(Short text fragments from websites)
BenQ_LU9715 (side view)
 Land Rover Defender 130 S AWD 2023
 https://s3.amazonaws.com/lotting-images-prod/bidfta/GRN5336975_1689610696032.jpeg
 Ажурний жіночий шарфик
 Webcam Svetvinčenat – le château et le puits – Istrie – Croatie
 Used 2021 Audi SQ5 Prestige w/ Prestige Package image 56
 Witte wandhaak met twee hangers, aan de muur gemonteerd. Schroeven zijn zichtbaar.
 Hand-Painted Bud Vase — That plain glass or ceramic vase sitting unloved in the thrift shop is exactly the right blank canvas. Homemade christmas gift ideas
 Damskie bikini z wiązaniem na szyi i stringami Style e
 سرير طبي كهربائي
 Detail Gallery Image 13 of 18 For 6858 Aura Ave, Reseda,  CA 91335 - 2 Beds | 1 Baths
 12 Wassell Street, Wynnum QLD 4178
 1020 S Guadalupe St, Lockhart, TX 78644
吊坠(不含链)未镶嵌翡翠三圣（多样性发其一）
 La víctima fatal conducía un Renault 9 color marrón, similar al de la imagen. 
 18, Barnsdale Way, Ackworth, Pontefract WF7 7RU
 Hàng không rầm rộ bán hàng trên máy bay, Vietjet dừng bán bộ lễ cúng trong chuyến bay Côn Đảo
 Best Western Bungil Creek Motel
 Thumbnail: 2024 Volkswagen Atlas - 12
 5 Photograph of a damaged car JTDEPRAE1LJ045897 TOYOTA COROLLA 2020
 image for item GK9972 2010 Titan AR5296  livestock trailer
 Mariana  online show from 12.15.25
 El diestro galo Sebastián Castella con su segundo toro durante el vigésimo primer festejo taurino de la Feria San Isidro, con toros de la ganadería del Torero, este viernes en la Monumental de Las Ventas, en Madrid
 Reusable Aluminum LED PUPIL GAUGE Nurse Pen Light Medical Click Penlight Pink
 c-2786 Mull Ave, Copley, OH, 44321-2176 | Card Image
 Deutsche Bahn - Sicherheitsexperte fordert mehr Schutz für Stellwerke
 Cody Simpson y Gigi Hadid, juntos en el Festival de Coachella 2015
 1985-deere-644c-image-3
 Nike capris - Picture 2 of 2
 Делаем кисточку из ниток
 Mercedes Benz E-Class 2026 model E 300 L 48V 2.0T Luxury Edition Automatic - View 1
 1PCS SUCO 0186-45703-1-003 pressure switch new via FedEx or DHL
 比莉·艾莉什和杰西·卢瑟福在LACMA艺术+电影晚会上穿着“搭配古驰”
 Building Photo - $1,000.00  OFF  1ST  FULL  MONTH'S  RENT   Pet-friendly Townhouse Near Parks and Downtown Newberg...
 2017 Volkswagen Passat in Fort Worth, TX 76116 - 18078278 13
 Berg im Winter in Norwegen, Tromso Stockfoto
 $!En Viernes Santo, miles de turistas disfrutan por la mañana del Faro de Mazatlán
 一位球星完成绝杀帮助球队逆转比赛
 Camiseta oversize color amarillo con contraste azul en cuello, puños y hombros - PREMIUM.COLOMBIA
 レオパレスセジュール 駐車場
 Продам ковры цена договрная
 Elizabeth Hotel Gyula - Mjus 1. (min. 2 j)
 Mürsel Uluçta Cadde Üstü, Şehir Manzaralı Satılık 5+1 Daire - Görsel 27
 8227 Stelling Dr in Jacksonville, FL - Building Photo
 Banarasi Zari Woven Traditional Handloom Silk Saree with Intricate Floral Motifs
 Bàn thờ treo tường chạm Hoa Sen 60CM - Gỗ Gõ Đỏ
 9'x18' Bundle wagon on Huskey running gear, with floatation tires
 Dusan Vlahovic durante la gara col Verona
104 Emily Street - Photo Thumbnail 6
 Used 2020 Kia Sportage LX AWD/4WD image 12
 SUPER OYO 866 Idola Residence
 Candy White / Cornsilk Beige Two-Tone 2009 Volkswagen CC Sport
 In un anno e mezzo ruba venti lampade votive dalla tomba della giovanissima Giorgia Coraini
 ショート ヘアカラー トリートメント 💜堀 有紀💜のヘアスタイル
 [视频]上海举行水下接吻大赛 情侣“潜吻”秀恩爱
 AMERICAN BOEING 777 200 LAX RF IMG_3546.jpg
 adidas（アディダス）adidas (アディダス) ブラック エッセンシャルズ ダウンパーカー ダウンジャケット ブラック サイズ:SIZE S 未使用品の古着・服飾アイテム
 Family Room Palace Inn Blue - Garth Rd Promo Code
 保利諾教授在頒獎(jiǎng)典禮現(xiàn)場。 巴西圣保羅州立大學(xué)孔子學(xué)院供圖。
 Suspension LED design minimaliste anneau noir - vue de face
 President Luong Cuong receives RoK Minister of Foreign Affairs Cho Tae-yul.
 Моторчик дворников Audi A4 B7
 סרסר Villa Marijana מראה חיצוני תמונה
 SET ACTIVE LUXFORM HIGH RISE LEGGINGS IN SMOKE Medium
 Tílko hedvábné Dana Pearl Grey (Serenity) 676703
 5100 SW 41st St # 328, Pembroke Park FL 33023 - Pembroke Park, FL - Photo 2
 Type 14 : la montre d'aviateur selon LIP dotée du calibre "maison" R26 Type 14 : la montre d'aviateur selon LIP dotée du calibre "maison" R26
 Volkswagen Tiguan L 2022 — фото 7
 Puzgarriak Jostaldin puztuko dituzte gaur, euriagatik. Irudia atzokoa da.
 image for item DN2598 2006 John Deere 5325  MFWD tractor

> [To do]:
Give back the whole of the data above, exactly as written.

> [Result of this exercise]:
BenQ_LU9715 (side view)
 Land Rover Defender 130 S AWD 2023
 https://s3.amazonaws.com/lotting-images-prod/bidfta/GRN5336975_1689610696032.jpeg
 Ажурний жіночий шарфик
 Webcam Svetvinčenat – le château et le puits – Istrie – Croatie
 Used 2021 Audi SQ5 Prestige w/ Prestige Package image 56
 Witte wandhaak met twee hangers, aan de muur gemonteerd. Schroeven zijn zichtbaar.
 Hand-Painted Bud Vase — That plain glass or ceramic vase sitting unloved in the thrift shop is exactly the right blank canvas. Homemade christmas gift ideas
 Damskie bikini z wiązaniem na szyi i stringami Style e
 سرير طبي كهربائي
 Detail Gallery Image 13 of 18 For 6858 Aura Ave, Reseda,  CA 91335 - 2 Beds | 1 Baths
 12 Wassell Street, Wynnum QLD 4178
 1020 S Guadalupe St, Lockhart, TX 78644
吊坠(不含链)未镶嵌翡翠三圣（多样性发其一）
 La víctima fatal conducía un Renault 9 color marrón, similar al de la imagen. 
 18, Barnsdale Way, Ackworth, Pontefract WF7 7RU
 Hàng không rầm rộ bán hàng trên máy bay, Vietjet dừng bán bộ lễ cúng trong chuyến bay Côn Đảo
 Best Western Bungil Creek Motel
 Thumbnail: 2024 Volkswagen Atlas - 12
 5 Photograph of a damaged car JTDEPRAE1LJ045897 TOYOTA COROLLA 2020
 image for item GK9972 2010 Titan AR5296  livestock trailer
 Mariana  online show from 12.15.25
 El diestro galo Sebastián Castella con su segundo toro durante el vigésimo primer festejo taurino de la Feria San Isidro, con toros de la ganadería del Torero, este viernes en la Monumental de Las Ventas, en Madrid
 Reusable Aluminum LED PUPIL GAUGE Nurse Pen Light Medical Click Penlight Pink
 c-2786 Mull Ave, Copley, OH, 44321-2176 | Card Image
 Deutsche Bahn - Sicherheitsexperte fordert mehr Schutz für Stellwerke
 Cody Simpson y Gigi Hadid, juntos en el Festival de Coachella 2015
 1985-deere-644c-image-3
 Nike capris - Picture 2 of 2
 Делаем кисточку из ниток
 Mercedes Benz E-Class 2026 model E 300 L 48V 2.0T Luxury Edition Automatic - View 1
 1PCS SUCO 0186-45703-1-003 pressure switch new via FedEx or DHL
 比莉·艾莉什和杰西·卢瑟福在LACMA艺术+电影晚会上穿着“搭配古驰”
 Building Photo - $1,000.00  OFF  1ST  FULL  MONTH'S  RENT   Pet-friendly Townhouse Near Parks and Downtown Newberg...
 2017 Volkswagen Passat in Fort Worth, TX 76116 - 18078278 13
 Berg im Winter in Norwegen, Tromso Stockfoto
 $!En Viernes Santo, miles de turistas disfrutan por la mañana del Faro de Mazatlán
 一位球星完成绝杀帮助球队逆转比赛
 Camiseta oversize color amarillo con contraste azul en cuello, puños y hombros - PREMIUM.COLOMBIA
 レオパレスセジュール 駐車場
 Продам ковры цена договрная
 Elizabeth Hotel Gyula - Mjus 1. (min. 2 j)
 Mürsel Uluçta Cadde Üstü, Şehir Manzaralı Satılık 5+1 Daire - Görsel 27
 8227 Stelling Dr in Jacksonville, FL - Building Photo
 Banarasi Zari Woven Traditional Handloom Silk Saree with Intricate Floral Motifs
 Bàn thờ treo tường chạm Hoa Sen 60CM - Gỗ Gõ Đỏ
 9'x18' Bundle wagon on Huskey running gear, with floatation tires
 Dusan Vlahovic durante la gara col Verona
104 Emily Street - Photo Thumbnail 6
 Used 2020 Kia Sportage LX AWD/4WD image 12
 SUPER OYO 866 Idola Residence
 Candy White / Cornsilk Beige Two-Tone 2009 Volkswagen CC Sport
 In un anno e mezzo ruba venti lampade votive dalla tomba della giovanissima Giorgia Coraini
 ショート ヘアカラー トリートメント 💜堀 有紀💜のヘアスタイル
 [视频]上海举行水下接吻大赛 情侣“潜吻”秀恩爱
 AMERICAN BOEING 777 200 LAX RF IMG_3546.jpg
 adidas（アディダス）adidas (アディダス) ブラック エッセンシャルズ ダウンパーカー ダウンジャケット ブラック サイズ:SIZE S 未使用品の古着・服飾アイテム
 Family Room Palace Inn Blue - Garth Rd Promo Code
 保利諾教授在頒獎(jiǎng)典禮現(xiàn)場。 巴西圣保羅州立大學(xué)孔子學(xué)院供圖。
 Suspension LED design minimaliste anneau noir - vue de face
 President Luong Cuong receives RoK Minister of Foreign Affairs Cho Tae-yul.
 Моторчик дворников Audi A4 B7
 סרסר Villa Marijana מראה חיצוני תמונה
 SET ACTIVE LUXFORM HIGH RISE LEGGINGS IN SMOKE Medium
 Tílko hedvábné Dana Pearl Grey (Serenity) 676703
 5100 SW 41st St # 328, Pembroke Park FL 33023 - Pembroke Park, FL - Photo 2
 Type 14 : la montre d'aviateur selon LIP dotée du calibre "maison" R26 Type 14 : la montre d'aviateur selon LIP dotée du calibre "maison" R26
 Volkswagen Tiguan L 2022 — фото 7
 Puzgarriak Jostaldin puztuko dituzte gaur, euriagatik. Irudia atzokoa da.
 image for item DN2598 2006 John Deere 5325  MFWD tractor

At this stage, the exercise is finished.